Every June, Foreign Policy magazine puts out its “Failed States” index and every June, I am sorely tempted to write a jeremaid about its awfulness. However, laziness always intercedes, even today, so I will simply highlight two glaring flaws:
The biggest offense, at least to the empiricist in me, is the basic approach. The editors have taken what is essentially a binary label (“failed” vs “not failed”) and contorted it into a continuum, which is then stretched to apply not to select cases but the entire world. They compound this error by introducing and emphasizing an ordinal element, predicated on a series of weighted inputs like the US News college ranking taken to the nth level of absurdity. It’s ridiculous to contemplate which country is more “failed”: the US or Canada, Germany or France, because these states are not failed nor anywhere near becoming so in the near future. Approaching the data like this might make future regressions easier, but they will ultimately not offer any information worth gleaning. The whole exercise is like trying to determine the prevalence of cancer in a sample population by taking the whole lot of them and ranking individually them based on how cancery everyone is.
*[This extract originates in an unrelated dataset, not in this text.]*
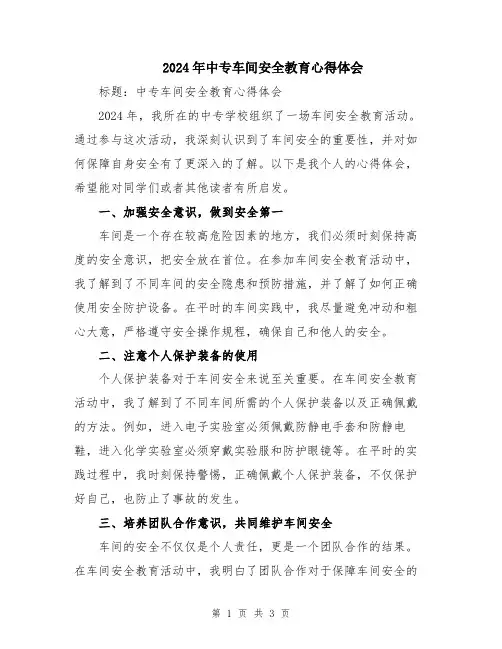 2024年中专车间安全教育心得体会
Those without cancer have no sensible place on a cancer continuum, because they don’t have cancer, and those with cancer, though they might have different kinds of cancer at different stages of development, have a sufficiently large difference of kind between them and the rest of the population that it is necessary to seperate them from the total population first before distinguishing between the maladies.
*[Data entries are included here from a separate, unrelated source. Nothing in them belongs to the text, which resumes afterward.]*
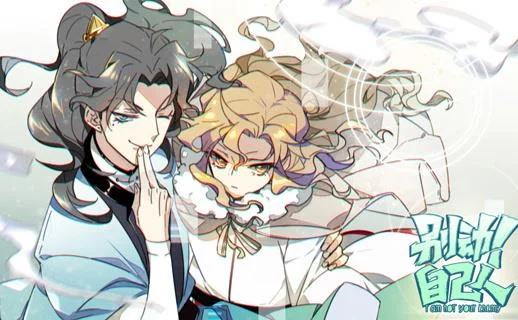 别动！自己人动态漫画第1季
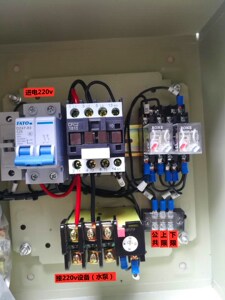 电机手自动水泵浮球电接点 压力表启动箱 风机油烟机控制箱 220V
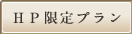 HP限定プラン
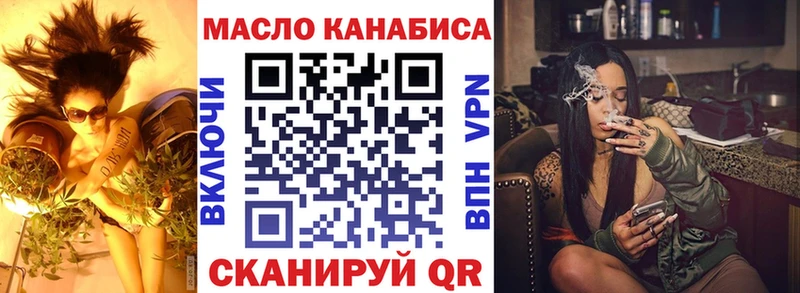 ТГК вейп  Купить где  Сорочинск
This statistical innumerancy would be more excusable if the criteria themselves for determining state failure weren’t so scattershot. In the literature there are a variety of different definitions and indicators of state collapse proposed, but they all roughly coalesce within some set parameters. FP, however, seem to equate state failure with simply “not good.” Mixed in with indicators of state capacity, intrastate violence, and declining individual welfare are measures of democracy, civil liberities, and political repression. These elements are important for researchers to track for sure, but they have little to do with state failure, either causally or symptomatically. Few observers would defend the behavior or political structure of North Korea, but it is hardly considered a “failed state.” Indeed, I spent a incommensurate chunk of my honors defense defending an aside in which I labeled the DPRK as simply “weak.” Defining states that deviate from the liberal democratic ideal as “failed” leads the FP Index to make some highly dubious assertions. Most obviously, Libya, right now exhibiting a near textbook definition of state failure, ranks better than Turkey, India, China on FP’s list. Ireland, in the midst of a massive economic crunch and unfathomable government debt inherited from collapsed banks, rates as “less failed” (whatever that means) than the rest of non-Scandinavian Europe, largely due to liberal trade and taxation policies. Granted, a lot of the more specious outcomes one can dredge up (Indonesia worse than Turkmenistan; Oman tied with Italy and Poland) stem from the ordinal approach FP prefers to take, but the poor inputs only compound issues
This is hardly an exhaustive accounting of the sloppiness of FP’s report. Most of the states below rank sixty are in massive ties, unreflected by their putative rank. More bizarrely, the FSI routinely seems to ignore the British North America Act of 1949, every year counting Newfoundland as an English dependency rather than a Canadian province.
A better list would have far fewer states (confined to those currently in failure or near so) and a pared down criteria, but I imagine that is less interesting than aping Freedom House.